Drexler finished second in the MVP voting to Jordan in 1992 and has 10 All-Star appearances—though only five All-NBA Team selections. Drexler was, however, selected among the NBA's 50 Greatest Players of All Time, when Kobe had only just begun his NBA career.

* Clyde was well-rounded. Drexler nearly scored a quadruple-double twice, coming one rebound or one assist shy both times. He's third all-time in blocks for guards and is first all-time for guards in offensive rebounds.

* In contrast, Kobe is a scoring machine.

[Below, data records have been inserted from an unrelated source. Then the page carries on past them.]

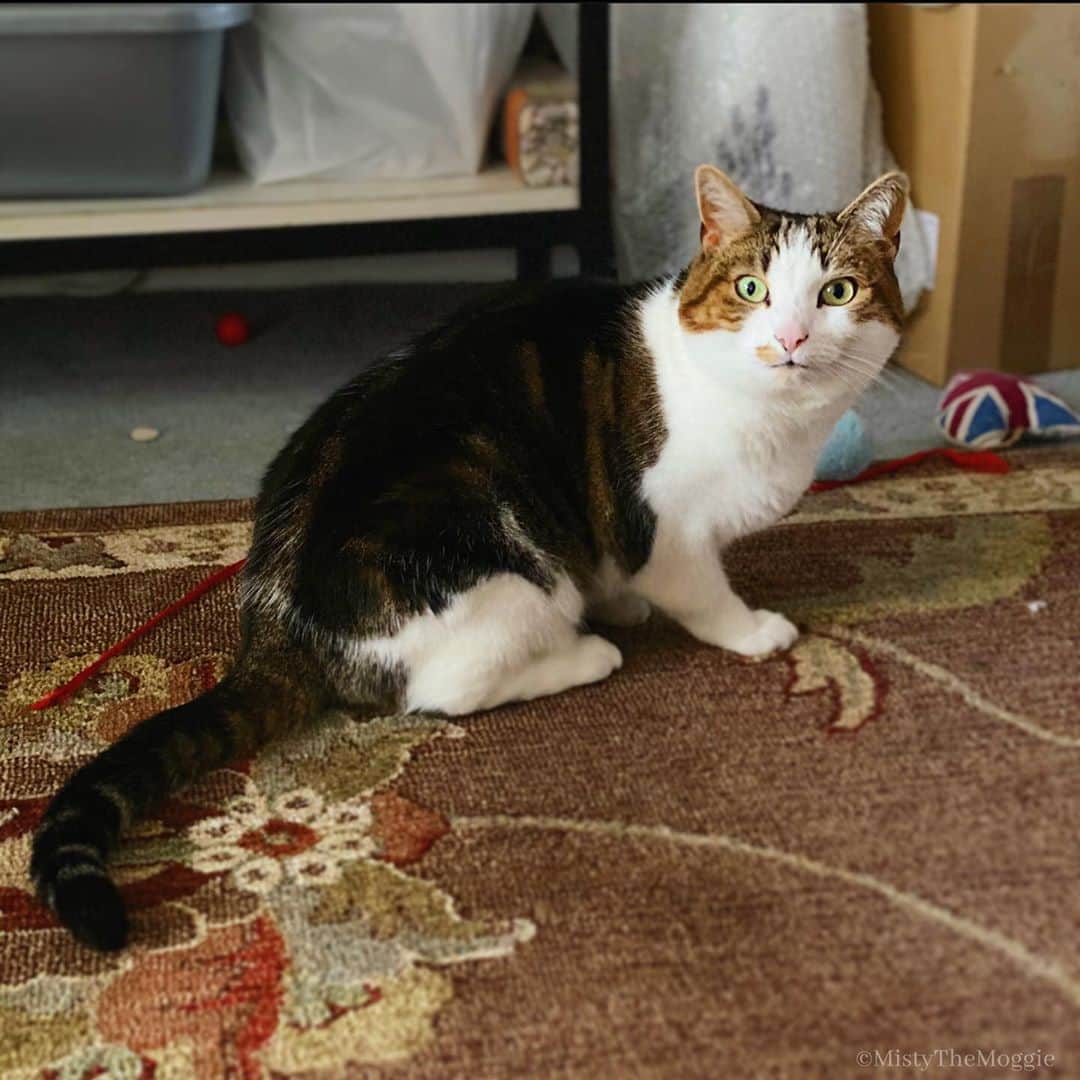 Misty The Moggieのインスタグラム：「Zoomies starting in 3... 2... 1...」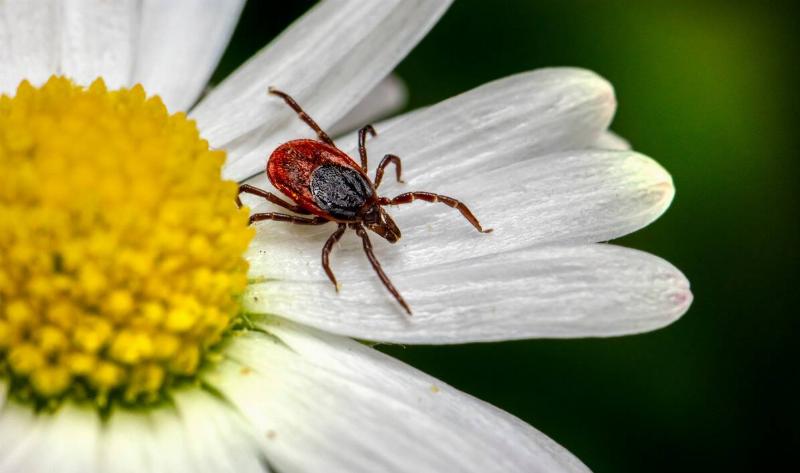 A tick on a flower.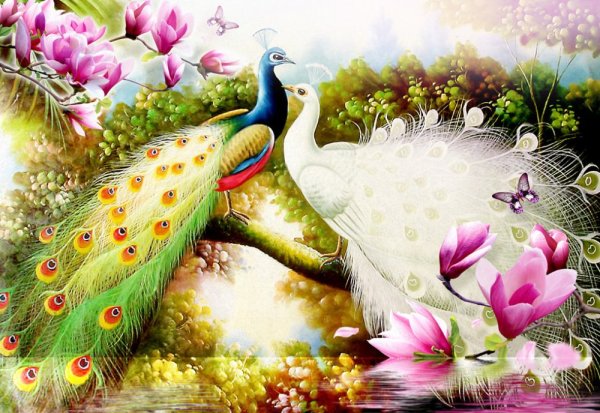 Влюбленные Павлины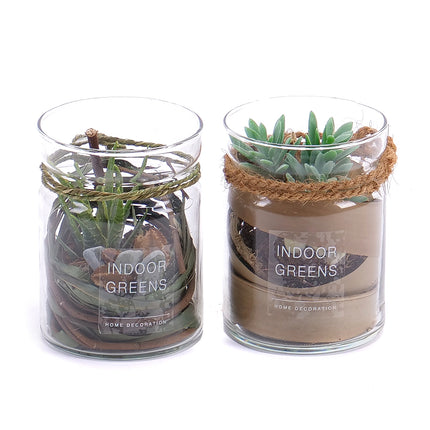 03000572_duo-umele-sukulenty-v-sklenenom-obale-1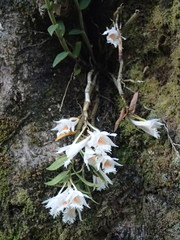 Dendrobium longicornu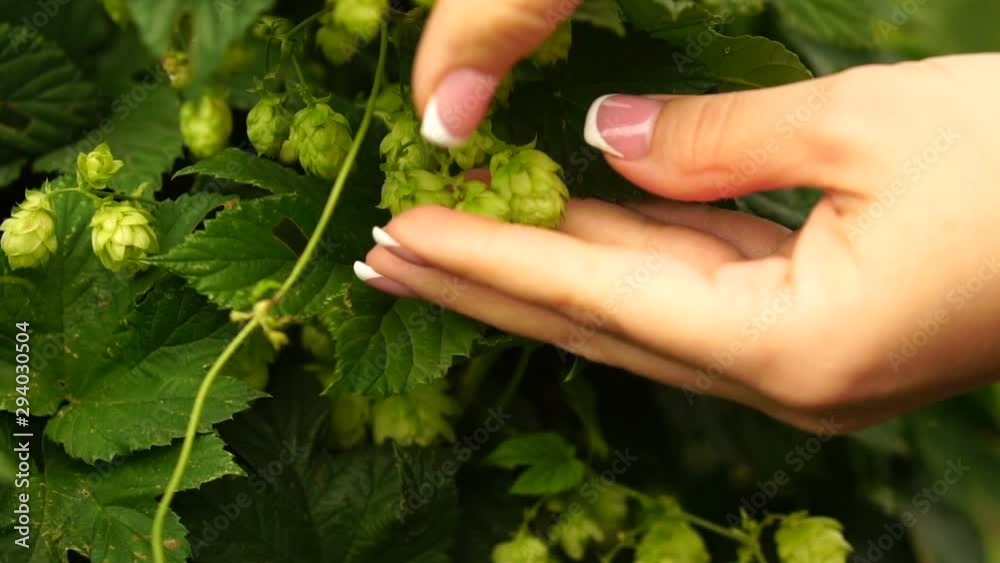 Collection of growing hop cones, slow motion shooting. Female hands pick hops, close-up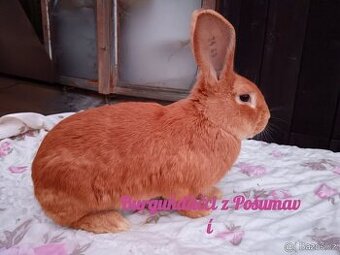 BURGUNDSKÝ králík s PP - SAMEČEK chris59 ⭐️⭐️⭐️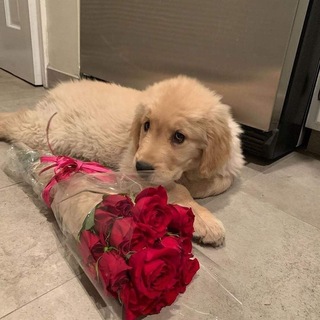 anvyflower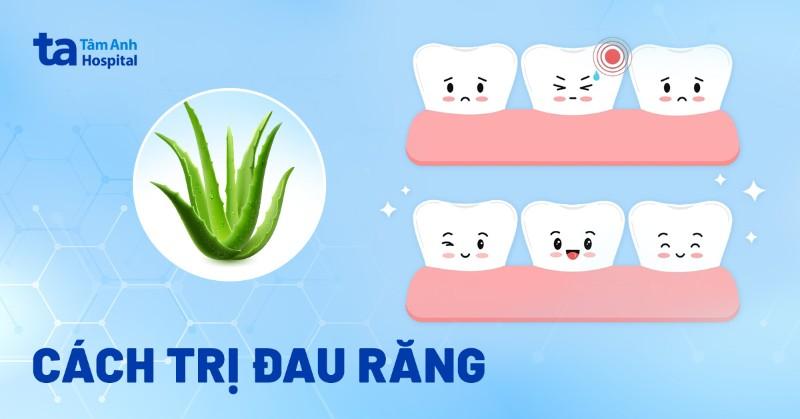 Mèo bị đau chân cần thuốc giảm đau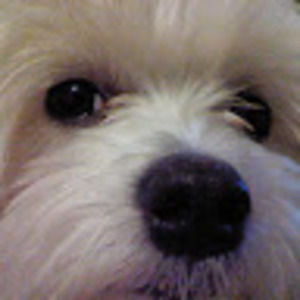 Meet your Posher, Raquel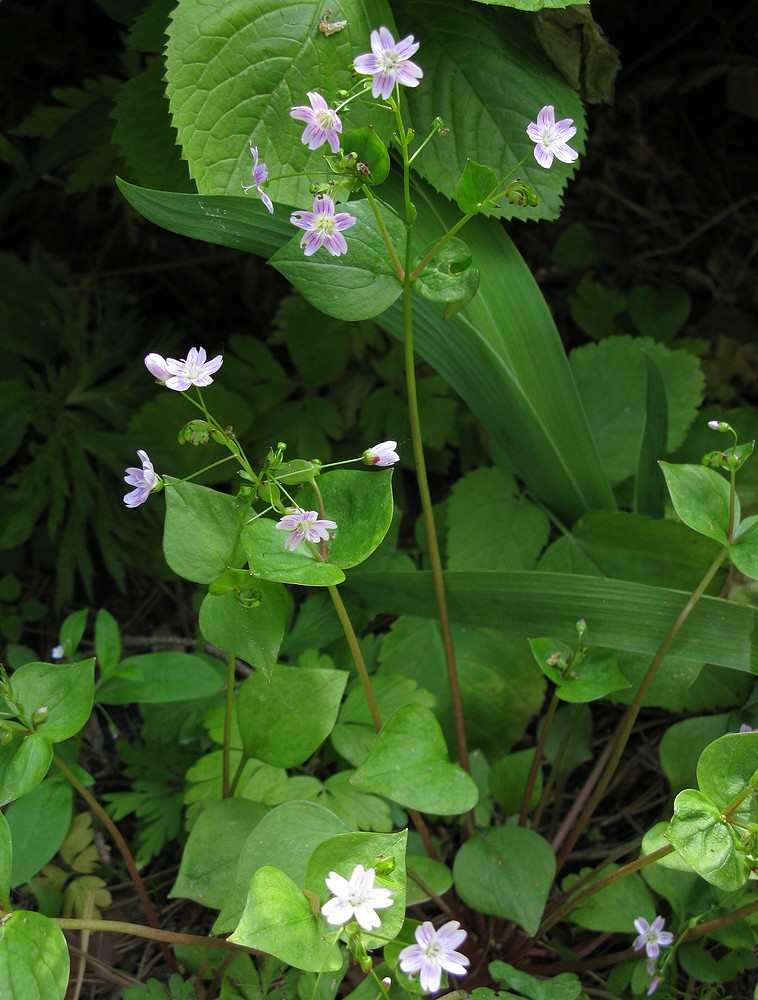 Изображение особи Claytonia sibirica.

The two scoring titles speak for themselves.

*Kobe will always have an edge by having more championship rings—and obviously the comparison breaks down entirely if he wins another this year.

The most intriguing part, however, is that the trajectories of both players' careers are the opposite of each other, each comprising periods of championships, irrelevance, and Finals appearances in some order. The similarities are almost frightening. Consider:

* Clyde's early career was spent building up the Blazers toward their two Finals appearances. Following those, they slipped into irrelevance, and Drexler asked to be traded. His request was honored, and he was traded to the Rockets—where he teamed up with his friend and big man Olajuwon, and together they won a title.

* Conversely, Kobe's championships with his big man came early in his career, followed by a period of Laker irrelevance. At the trough of that, he asked to be traded—this request was not honored by Lakers brass. They did eventually bring him help in the form of Pau Gasol, and the Lakers made a couple of Finals appearances.

The comparison between the Black Mamba and the Glide is fairly compelling, though Bryant still has a few years left to set himself apart. He holds the edge in championships, scoring, and sheer visibility—while Kobe has spent most of his career in the media spotlight, Drexler spent much of his under the shadow of Michael.

But you can't really hold that against him.